Thursday, February 21, 2008

Poetry Friday


I discovered Mary Oliver in the New Yorker. Why hadn't I heard of her? Her meticulous attention to the smallest things in nature spoke directly to me and, I don't know why, but she seemed "British" in this respect. She is for me an American Ted Hughes with the added advantage of being less obtuse. She is one of the few poets whose individual collections I have actually purchased. Right now, with the temperature at -11 with a -29 wind chill, I need to see roses and trumpet vines and the frantic beating of exotic wings.

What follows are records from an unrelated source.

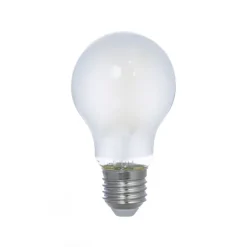 LED glødepære, matt, E27, 2,2W, 3000K, 470 lm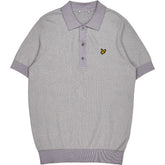 Lyle & Scott Grey Polo Shirt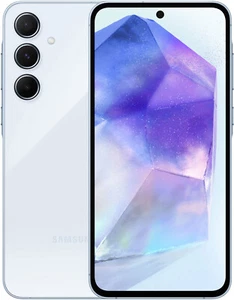 Samsung Galaxy A55 5G 128GB Awesome IceBlue (A556E/DS) NEU ✅ OVP ✅ Blitzversand✅ - Bild 1 von 5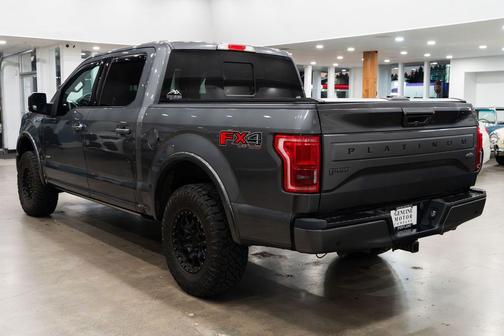 2015 Ford F-150 Platinum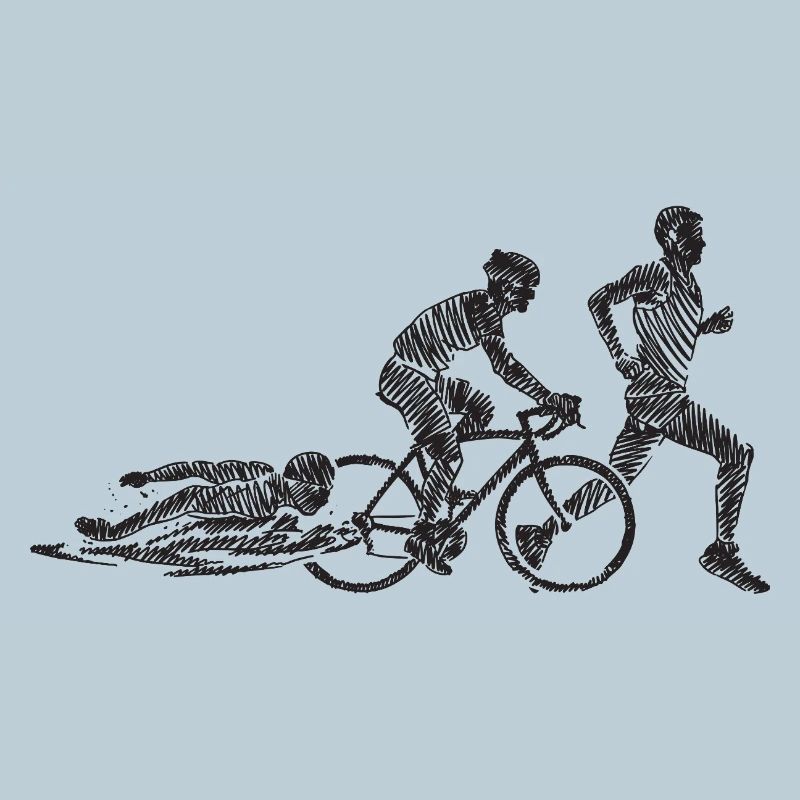 Radfahrender Zombie-Circuit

Hummingbird Pauses at the Trumpet Vine
by Mary Oliver

Who doesn’t love
roses, and who
doesn’t love the lilies
of the black ponds

floating like flocks
of tiny swans, and of course, the flaming
trumpet vine

where the hummingbird comes
like a small green angel, to soak
his dark tongue
in happiness -

and who doesn’t want
to live with the brisk
motor of his heart
singing

like a Schubert
and his eyes
working and working like those days of rapture,
by Van Gogh in Arles?

Look! for most of the world
is waiting
or remembering -
most of the world is time

when we’re not here,
not born yet, or died
-a slow fire
under the earth with all
our dumb wild blind cousins
who also
can’t even remember anymore
their own happiness

-Look! and then we will be
like the pale cool
stones, that last almost
forever.

3 comments:

jama said...

Lovely. Perfect lift for a winter's day.

Anonymous said...

Dear Mme. T.:

My co-blogger, Ruth, and I have been inspired to pay closer attention to our daily lives. As teachers, we've realized this is of paramount importance for children as well. Therefore, in our classrooms and on our blog, we're starting a SLICE OF LIFE STORY CHALLENGE during the month of March. We're hoping to encourage teachers and writers to record slices of their daily lives in their writer's notebooks or on their blogs (and participate in our 31-day challenge)

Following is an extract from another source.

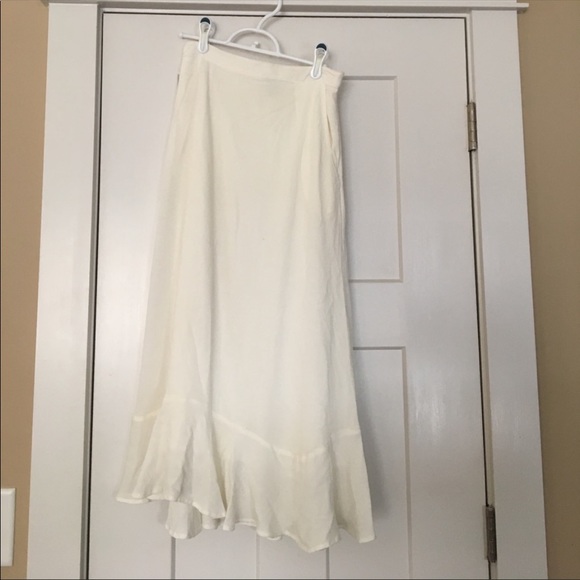 COPY - White Hinge Midi Skirt Size S - Picture 7 of 14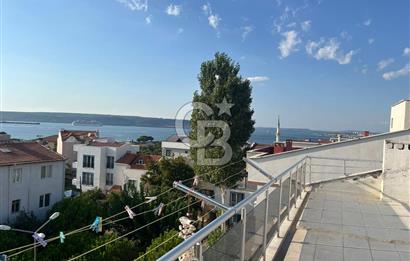 ÇANAKKALE KEPEZ'DE DENİZ MANZARALI 2+1 DUBLEKS DAİRE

We value this work and think it could have a great impact on the lives of children in writing classrooms across the country. However we need adults to do this important work first. Therefore, we'd love to have you be part of this Challenge. You can learn more about it by going to http://twowritingteachers.wordpress.com/slice-of-life-story-challenge/.

Additionally, your support of this endeavor, would be super too. Would you be willing to share this Challenge with your blog readers?

Thank you!

Best regards,
Stacey

Andromeda Jazmon said...

I am just getting to know Mary Oliver's poems too and I completely agree with you. I think I need to buy some of her books.

This one is delightful. I'll think of it and Look! today as much as possible. Not at hummingbirds, of course, but of my sons playing in the snow... and our snowman melting.